▶ _Excerpted records_
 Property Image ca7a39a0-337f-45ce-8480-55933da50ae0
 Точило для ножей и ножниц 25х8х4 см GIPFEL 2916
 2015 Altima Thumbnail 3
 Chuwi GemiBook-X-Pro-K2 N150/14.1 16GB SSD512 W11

* * *

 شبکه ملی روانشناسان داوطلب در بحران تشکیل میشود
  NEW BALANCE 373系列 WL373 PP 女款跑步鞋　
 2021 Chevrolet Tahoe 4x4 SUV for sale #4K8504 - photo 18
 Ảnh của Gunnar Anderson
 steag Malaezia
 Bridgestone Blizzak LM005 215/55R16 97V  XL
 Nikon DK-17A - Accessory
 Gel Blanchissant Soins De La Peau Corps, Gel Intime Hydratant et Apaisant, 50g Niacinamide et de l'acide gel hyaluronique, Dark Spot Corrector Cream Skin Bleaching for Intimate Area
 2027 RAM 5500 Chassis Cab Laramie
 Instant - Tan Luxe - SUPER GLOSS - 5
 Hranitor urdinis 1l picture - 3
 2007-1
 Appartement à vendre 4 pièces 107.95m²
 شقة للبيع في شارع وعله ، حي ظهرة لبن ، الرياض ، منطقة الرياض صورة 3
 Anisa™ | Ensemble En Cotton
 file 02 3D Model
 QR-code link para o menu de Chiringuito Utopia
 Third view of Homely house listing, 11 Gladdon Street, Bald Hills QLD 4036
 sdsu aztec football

▶ _Work order_
Using the records above, restate word for word the lines from the one with "2027 RAM 5500 Chassis Cab Laramie" through the one with "sdsu aztec football", both included.

▶ _Task response_
 2027 RAM 5500 Chassis Cab Laramie
 Instant - Tan Luxe - SUPER GLOSS - 5
 Hranitor urdinis 1l picture - 3
 2007-1
 Appartement à vendre 4 pièces 107.95m²
 شقة للبيع في شارع وعله ، حي ظهرة لبن ، الرياض ، منطقة الرياض صورة 3
 Anisa™ | Ensemble En Cotton
 file 02 3D Model
 QR-code link para o menu de Chiringuito Utopia
 Third view of Homely house listing, 11 Gladdon Street, Bald Hills QLD 4036
 sdsu aztec football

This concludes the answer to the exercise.